━━━━━ Source material ━━━━━

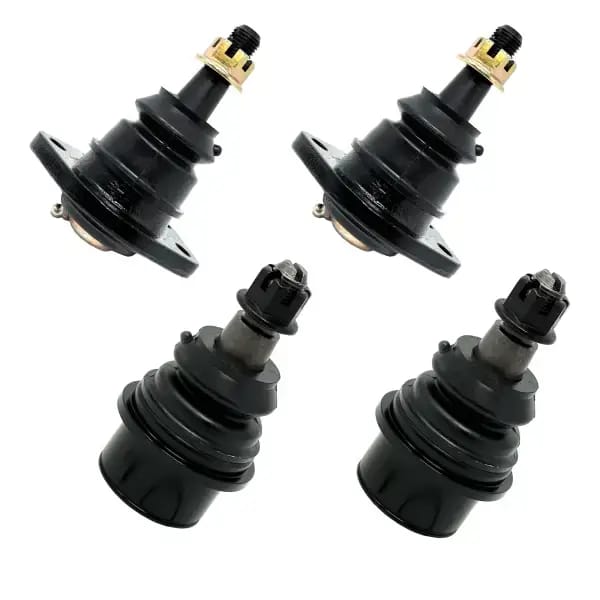 KRYPTONITE UPPER AND LOWER BALL JOINT PACKAGE DEAL (For Aftermarket Control Arms) 2011-2025 thumbnail 2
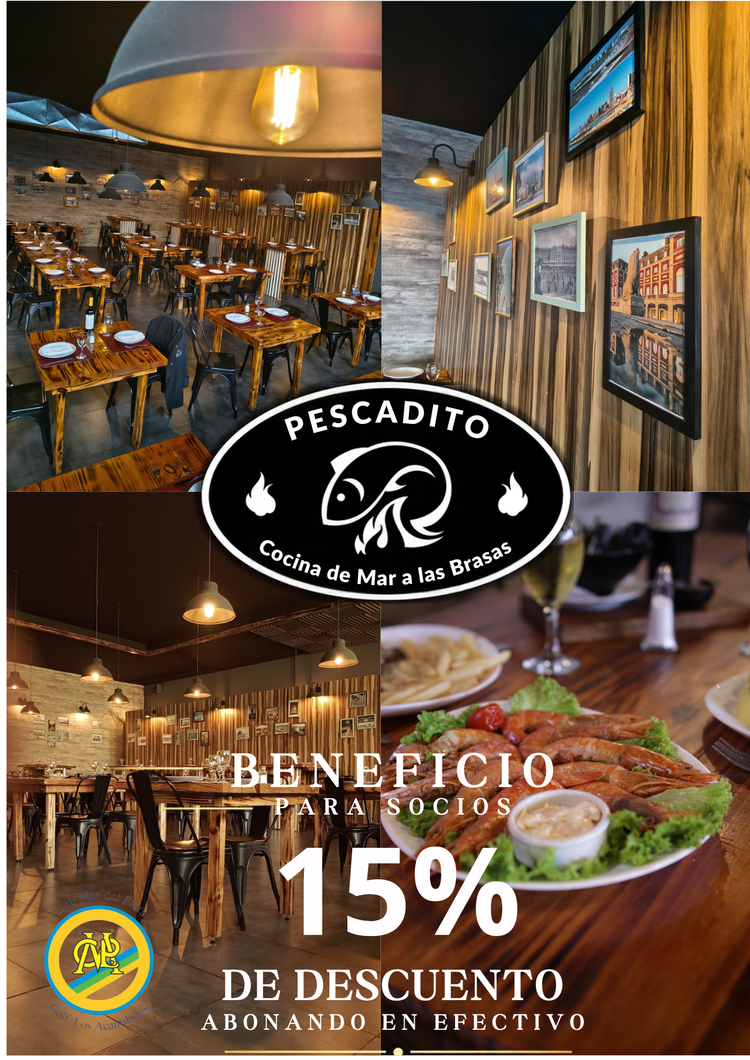 PESCADITO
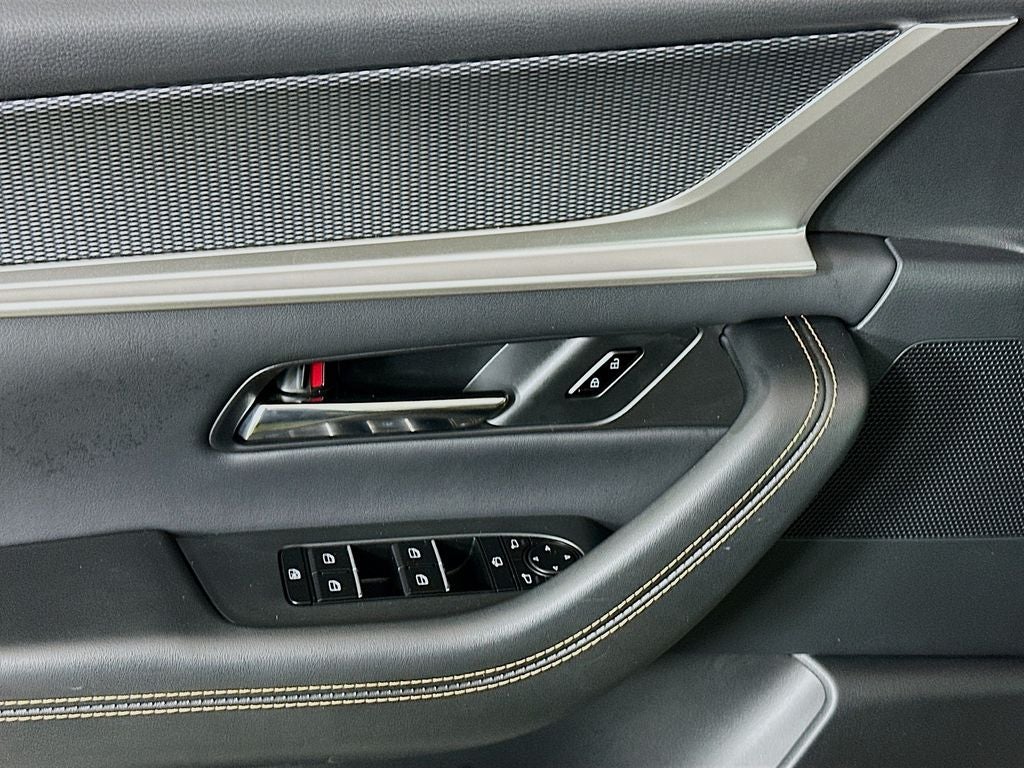 2025 Mazda Mazda CX-70 3.3 Turbo S Premium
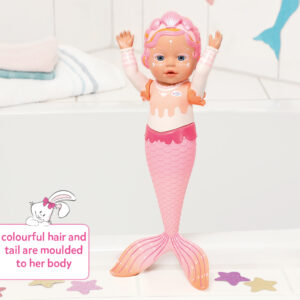 BB_835526_Swim Mermaid_Hair and tail
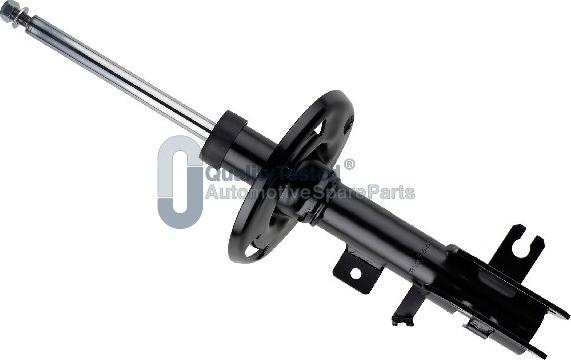 Japanparts MQ-33110 - Ammortizzatore www.autoricambi360.it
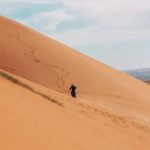 Nabi adam manusia pertama di bumi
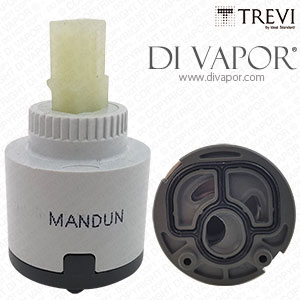 Mandun 35mm Cartridge - T89917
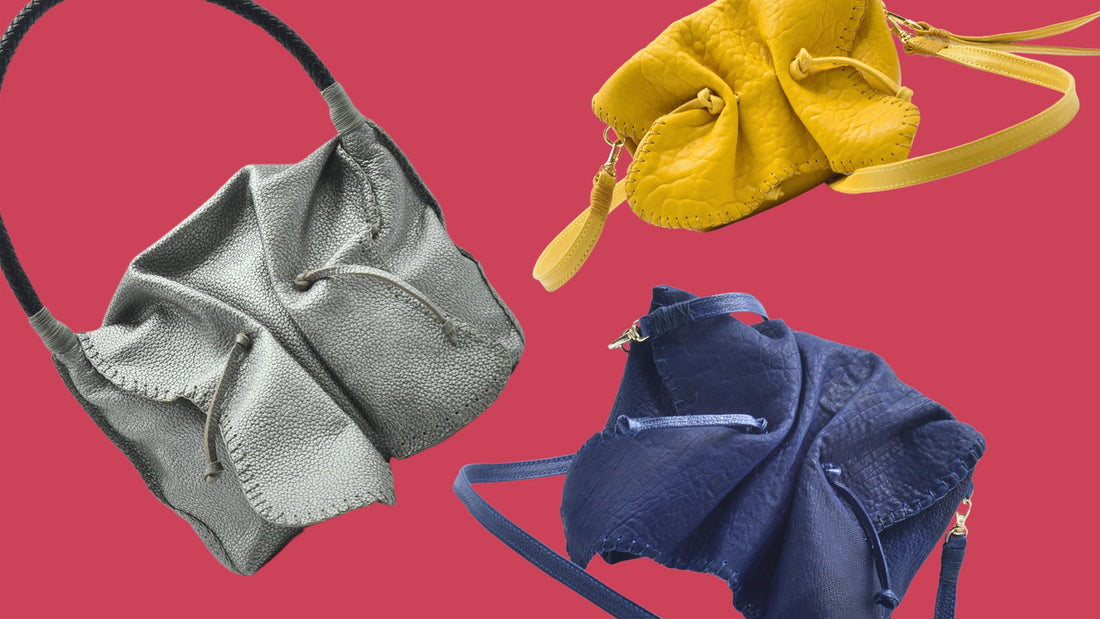 Artisan-Made Handbags from New York: Timeless Luxury Crafted with NYC Heritage and Elegance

━━━━━

## About this task
Retype the lines starting with the one that holds "2025 Mazda Mazda CX-70 3.3 Turbo S Premium" and ending with the last line of the data above, both included; skip the pictures.

## Output
 2025 Mazda Mazda CX-70 3.3 Turbo S Premium
 BB_835526_Swim Mermaid_Hair and tail
 Japanparts MQ-33110 - Ammortizzatore www.autoricambi360.it
 Nabi adam manusia pertama di bumi
 Mandun 35mm Cartridge - T89917
 Artisan-Made Handbags from New York: Timeless Luxury Crafted with NYC Heritage and Elegance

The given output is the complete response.